This invention relates to data communication systems for interconnecting an end user machine with a remote server (e. g., an Internet server) for the two-way transmission of data packets. More particularly, the invention relates to wireless communication links, such as cellular packet networks, in which mobile subscriber units may be switched between base stations.
A communication system of this type typically transports a sequence of data packets over a TCP connection or the like between an end user machine coupled to the subscriber unit and a server (e. g., an Internet server) coupled to the base stations through a fixed network. In the wireless portion of such system, data packets from the server flow to the subscriber unit through the base station that registers the strongest signal strength as measured, e. g., by a beacon or pilot signal received by the subscriber unit. If a subscriber unit that is initially serviced by a first base station roams through an area where the signal strength is stronger from a second base station, the subscriber unit typically requests a change of transmission path (e. g., a “handoff”) from the first base station to the second station.

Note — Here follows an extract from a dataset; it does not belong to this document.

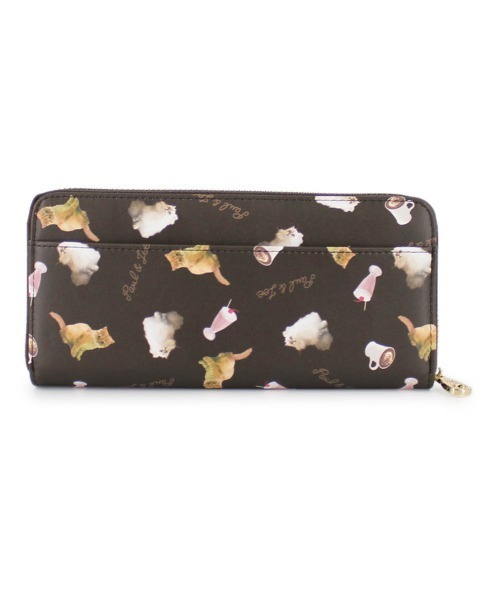 「PAUL & JOE ACCESSOIRES」 財布 FREE ピンク レディース_画像4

Propagation delays, data bit errors and the like are normal on wireless communication links. Such phenomena can cause loss or delay of acknowledgment signals that are successively generated by the end user machine in response to successive bytes contained in data packets received by the end user machine from the server. Each acknowledgment signal contains a first identifying portion indicative of the corresponding byte received by the end user machine and a second portion advertising the then-current size of the receive window of the end user machine.

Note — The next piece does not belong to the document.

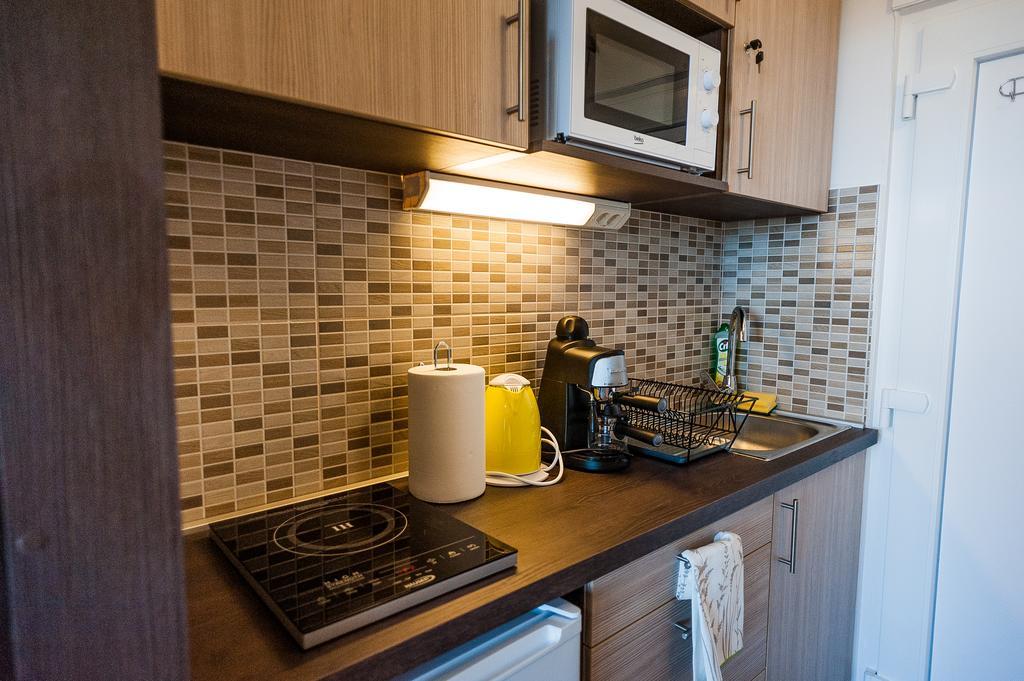 Milan Apartmanok シオーフォク エクステリア 写真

The loss or delay of acknowledgment signals is often interpreted as congestion on the network by the applicable TCP protocols which were designed primarily for end-to-end wired networks. As a result, the server may be switched into a so-called congestion avoidance or slow-start mode, which can drastically reduce throughput of data packets on the system even when no congestion is present.
While known techniques involving, e. g., modification of the network protocols, attempt to mitigate the effects of such loss of throughput in wireless systems, they frequently add complexity such as the splitting of the TCP connection between the end user machine and the server. More importantly, the effectiveness of such techniques is greatly diminished during periods of handoff.